Les principales dispositions de la directive sur le crédit à la consommation :

  • Des obligations plus exigeantes imposées à l’ensemble des prêteurs : un contrôle plus rigoureux de la capacité de remboursement de l’emprunteur pour protéger ce dernier contre le surendettement, une information précontractuelle renforcée afin que ce dernier puisse comparer les offres et prendre une décision éclairée, la protection contre les pratiques déloyales ou trompeuses ainsi que la fourniture d’informations de manière plus transparente et consultables facilement via des téléphones portables.
  • Des règles de publicité plus strictes : les publicités comme celles qui « encouragent les consommateurs à solliciter des crédits en suggérant que le crédit améliorerait leur situation financière ou en affirmant que les crédits enregistrés dans les bases de données ont peu ou pas d’importance pour l’examen d’une demande de crédit » doivent être interdites.
  • Un élargissement du champ d’application de la directive aux prêts d’un montant inférieur à 200 euros et aux autres solutions de paiement fractionné ou différé (« Achetez maintenant, payez plus tard » (« Buy Now, Pay Later »/BNPL).

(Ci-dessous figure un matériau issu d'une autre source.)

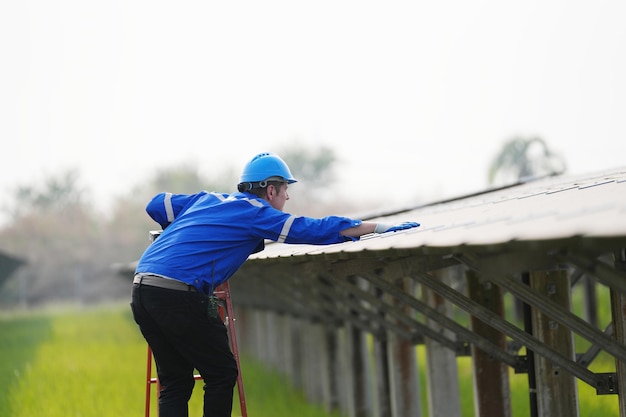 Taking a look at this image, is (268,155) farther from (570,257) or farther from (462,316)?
(462,316)

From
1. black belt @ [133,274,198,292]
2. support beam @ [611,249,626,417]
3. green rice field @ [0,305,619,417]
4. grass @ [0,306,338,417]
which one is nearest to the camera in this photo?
support beam @ [611,249,626,417]

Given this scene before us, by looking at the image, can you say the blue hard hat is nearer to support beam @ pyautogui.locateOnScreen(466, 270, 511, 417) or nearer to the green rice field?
support beam @ pyautogui.locateOnScreen(466, 270, 511, 417)

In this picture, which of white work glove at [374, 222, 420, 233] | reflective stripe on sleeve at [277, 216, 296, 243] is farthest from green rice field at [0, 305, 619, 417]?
reflective stripe on sleeve at [277, 216, 296, 243]

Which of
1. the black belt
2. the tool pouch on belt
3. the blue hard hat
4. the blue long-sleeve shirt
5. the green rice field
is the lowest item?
the green rice field

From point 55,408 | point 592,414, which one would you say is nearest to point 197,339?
point 592,414

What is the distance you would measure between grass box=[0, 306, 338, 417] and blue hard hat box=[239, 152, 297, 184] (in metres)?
4.71

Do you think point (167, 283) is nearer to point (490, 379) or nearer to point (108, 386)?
point (490, 379)

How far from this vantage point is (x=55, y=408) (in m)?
10.1

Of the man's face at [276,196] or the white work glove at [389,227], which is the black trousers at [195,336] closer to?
the man's face at [276,196]

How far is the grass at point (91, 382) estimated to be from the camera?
1038cm

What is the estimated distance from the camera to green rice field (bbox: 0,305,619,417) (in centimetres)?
1002

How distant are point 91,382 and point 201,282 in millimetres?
7939

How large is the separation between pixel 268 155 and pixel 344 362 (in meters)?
6.26

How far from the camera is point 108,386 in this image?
12.3 meters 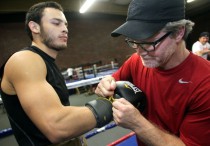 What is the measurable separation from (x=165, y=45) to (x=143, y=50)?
4.7 inches

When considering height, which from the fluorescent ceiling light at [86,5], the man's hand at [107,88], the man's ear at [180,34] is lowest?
the man's hand at [107,88]

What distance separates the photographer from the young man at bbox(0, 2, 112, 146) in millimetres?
1117

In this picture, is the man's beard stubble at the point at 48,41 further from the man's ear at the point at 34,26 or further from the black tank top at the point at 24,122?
the black tank top at the point at 24,122

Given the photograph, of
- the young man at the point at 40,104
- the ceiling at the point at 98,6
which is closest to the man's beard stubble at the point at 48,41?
the young man at the point at 40,104

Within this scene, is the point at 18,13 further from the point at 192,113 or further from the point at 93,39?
the point at 192,113

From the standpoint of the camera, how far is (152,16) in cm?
105

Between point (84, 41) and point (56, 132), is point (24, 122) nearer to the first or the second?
point (56, 132)

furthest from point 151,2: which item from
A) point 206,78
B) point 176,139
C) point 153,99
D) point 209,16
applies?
point 209,16

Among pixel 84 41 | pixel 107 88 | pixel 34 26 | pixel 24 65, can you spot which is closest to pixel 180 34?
pixel 107 88

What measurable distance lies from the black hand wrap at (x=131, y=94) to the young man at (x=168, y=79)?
2.2 inches

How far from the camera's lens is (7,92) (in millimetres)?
1400

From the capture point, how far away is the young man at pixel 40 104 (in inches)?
44.0

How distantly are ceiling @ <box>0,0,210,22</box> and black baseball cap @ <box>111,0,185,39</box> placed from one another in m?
8.92

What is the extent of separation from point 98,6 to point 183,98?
10.6m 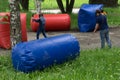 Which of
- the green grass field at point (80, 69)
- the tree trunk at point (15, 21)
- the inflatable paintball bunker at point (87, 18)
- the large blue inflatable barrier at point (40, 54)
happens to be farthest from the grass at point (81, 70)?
the inflatable paintball bunker at point (87, 18)

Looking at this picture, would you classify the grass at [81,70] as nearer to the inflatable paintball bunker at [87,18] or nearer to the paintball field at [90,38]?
the paintball field at [90,38]

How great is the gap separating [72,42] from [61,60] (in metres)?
0.68

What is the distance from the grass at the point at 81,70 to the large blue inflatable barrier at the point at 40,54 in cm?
17

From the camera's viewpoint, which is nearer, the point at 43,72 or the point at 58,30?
the point at 43,72

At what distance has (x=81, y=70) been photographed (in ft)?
30.4

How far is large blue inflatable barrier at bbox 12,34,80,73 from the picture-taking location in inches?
377

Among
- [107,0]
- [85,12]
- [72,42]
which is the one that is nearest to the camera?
[72,42]

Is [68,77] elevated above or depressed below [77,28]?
above

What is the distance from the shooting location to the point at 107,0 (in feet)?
95.2

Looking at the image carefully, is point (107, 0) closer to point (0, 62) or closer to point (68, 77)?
point (0, 62)

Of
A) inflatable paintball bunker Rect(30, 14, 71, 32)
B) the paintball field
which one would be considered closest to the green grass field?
the paintball field

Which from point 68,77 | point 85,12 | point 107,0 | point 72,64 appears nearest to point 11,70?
point 72,64

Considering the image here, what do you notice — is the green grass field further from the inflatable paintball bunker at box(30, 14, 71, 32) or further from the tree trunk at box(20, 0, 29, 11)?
the tree trunk at box(20, 0, 29, 11)

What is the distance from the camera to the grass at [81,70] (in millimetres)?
8472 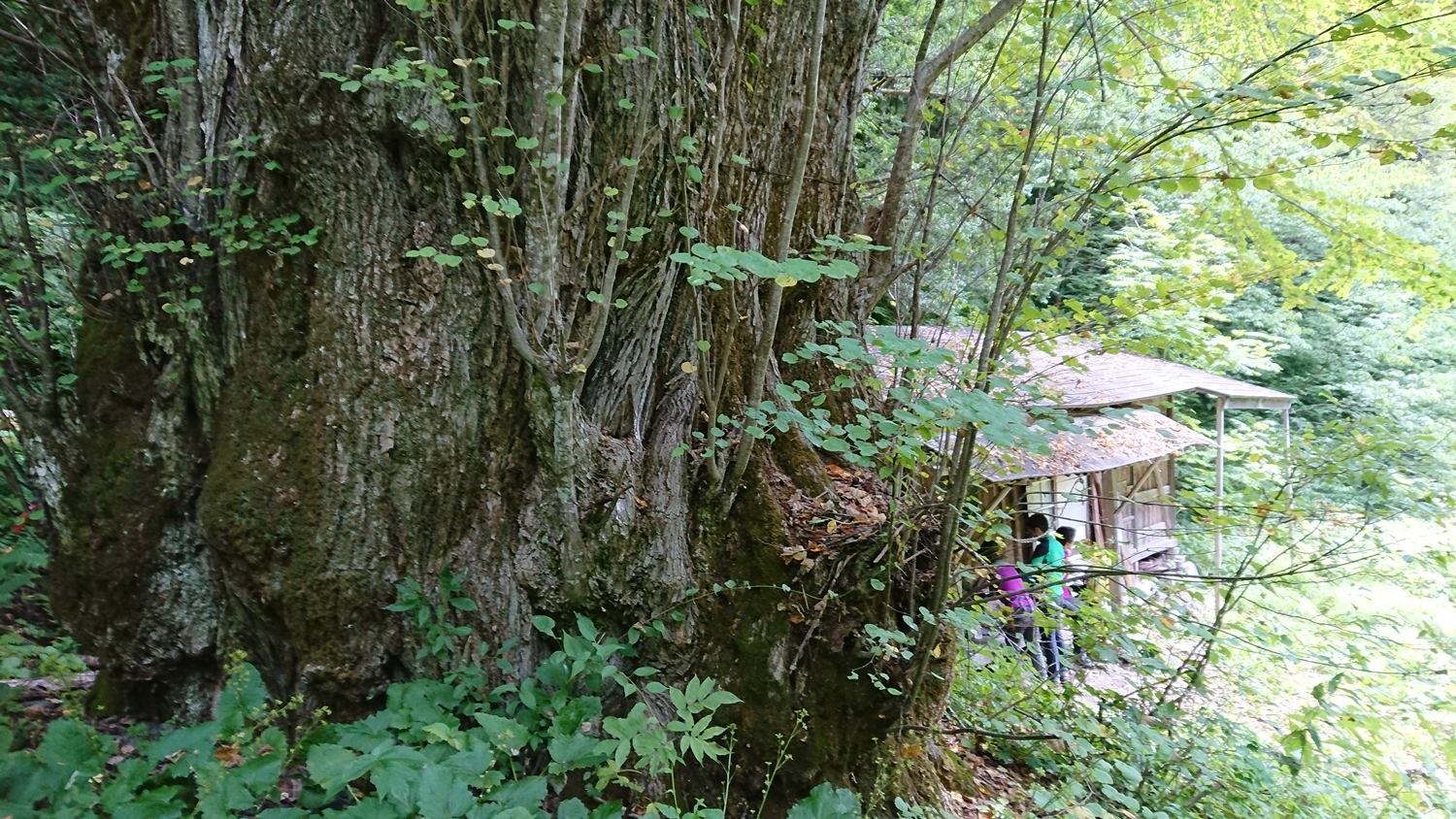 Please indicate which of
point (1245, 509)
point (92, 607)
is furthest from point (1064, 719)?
point (92, 607)

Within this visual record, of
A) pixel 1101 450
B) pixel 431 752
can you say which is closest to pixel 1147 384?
pixel 1101 450

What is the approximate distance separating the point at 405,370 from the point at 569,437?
62 cm

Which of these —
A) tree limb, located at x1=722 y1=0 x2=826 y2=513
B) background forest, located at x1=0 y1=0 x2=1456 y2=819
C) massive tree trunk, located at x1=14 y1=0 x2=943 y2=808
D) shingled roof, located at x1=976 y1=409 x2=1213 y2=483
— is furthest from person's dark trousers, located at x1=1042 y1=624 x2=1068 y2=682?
tree limb, located at x1=722 y1=0 x2=826 y2=513

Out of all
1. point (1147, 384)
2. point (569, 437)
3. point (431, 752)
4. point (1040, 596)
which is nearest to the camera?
point (431, 752)

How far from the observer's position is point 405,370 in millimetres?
2447

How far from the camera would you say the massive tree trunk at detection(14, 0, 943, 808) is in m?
2.32

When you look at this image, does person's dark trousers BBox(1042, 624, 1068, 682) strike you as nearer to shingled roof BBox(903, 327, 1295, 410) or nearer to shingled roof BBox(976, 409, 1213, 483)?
shingled roof BBox(976, 409, 1213, 483)

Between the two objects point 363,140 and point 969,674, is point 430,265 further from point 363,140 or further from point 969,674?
point 969,674

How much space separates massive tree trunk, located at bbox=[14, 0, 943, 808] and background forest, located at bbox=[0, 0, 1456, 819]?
0.02 metres

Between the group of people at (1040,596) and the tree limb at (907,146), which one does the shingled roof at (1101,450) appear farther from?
the tree limb at (907,146)

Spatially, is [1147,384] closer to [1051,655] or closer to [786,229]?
[1051,655]

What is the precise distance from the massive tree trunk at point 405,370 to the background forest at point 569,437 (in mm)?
17

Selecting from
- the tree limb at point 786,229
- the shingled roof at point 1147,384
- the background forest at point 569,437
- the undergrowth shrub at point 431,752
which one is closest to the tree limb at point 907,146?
the background forest at point 569,437

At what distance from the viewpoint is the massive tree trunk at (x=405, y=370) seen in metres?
2.32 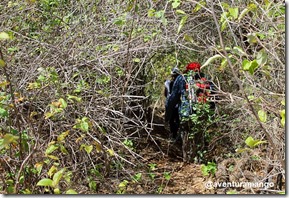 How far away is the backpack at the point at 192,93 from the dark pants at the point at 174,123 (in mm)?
196

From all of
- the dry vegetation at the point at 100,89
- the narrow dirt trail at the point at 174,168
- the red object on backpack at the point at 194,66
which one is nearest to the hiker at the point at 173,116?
the narrow dirt trail at the point at 174,168

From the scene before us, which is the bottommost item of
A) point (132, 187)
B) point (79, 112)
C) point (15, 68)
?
point (132, 187)

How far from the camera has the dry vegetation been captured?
3082 mm

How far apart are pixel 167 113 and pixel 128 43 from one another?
7.14 ft

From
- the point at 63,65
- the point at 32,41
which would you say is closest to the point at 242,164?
the point at 63,65

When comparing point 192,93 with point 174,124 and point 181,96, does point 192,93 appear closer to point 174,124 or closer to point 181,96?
point 181,96

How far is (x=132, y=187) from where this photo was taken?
13.2 ft

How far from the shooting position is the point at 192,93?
17.1 feet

  • Le droit de rétractation et droit à l’oubli : Les emprunteurs peuvent résilier un contrat de crédit sans motif dans un délai de 14 jours ; les personnes ayant survécu à un cancer ont un droit à l’oubli.
  • Plus de souplesse, de transparence et d’équité dans l’octroi des prêts : lorsque les prêteurs font une offre de crédit, ils doivent tenir compte des intérêts de l’emprunteur et inclure tous les coûts afin que ce dernier soit informé, dès le départ, du montant de son remboursement.
  • L’éducation financière[1] des consommateurs. La directive souligne le rôle à jouer par les Etats membres dans cette démarche. En tant qu’opérateur national de l’éducation économique, budgétaire et financière des citoyens (EDUCFI), la Banque de France fournit sur son site toutes les informations permettant de mieux gérer son budget et ses finances personnelles, de maîtriser son endettement, de prévenir les arnaques financières, …

[1] L’OCDE définit l’éducation financière comme une « combinaison de conscience financière, de connaissance, d’habileté, d’attitudes et comportements nécessaires pour prendre les bonnes décisions financières et finalement arriver à un bien-être financier individuel apprécié par la personne elle-même ».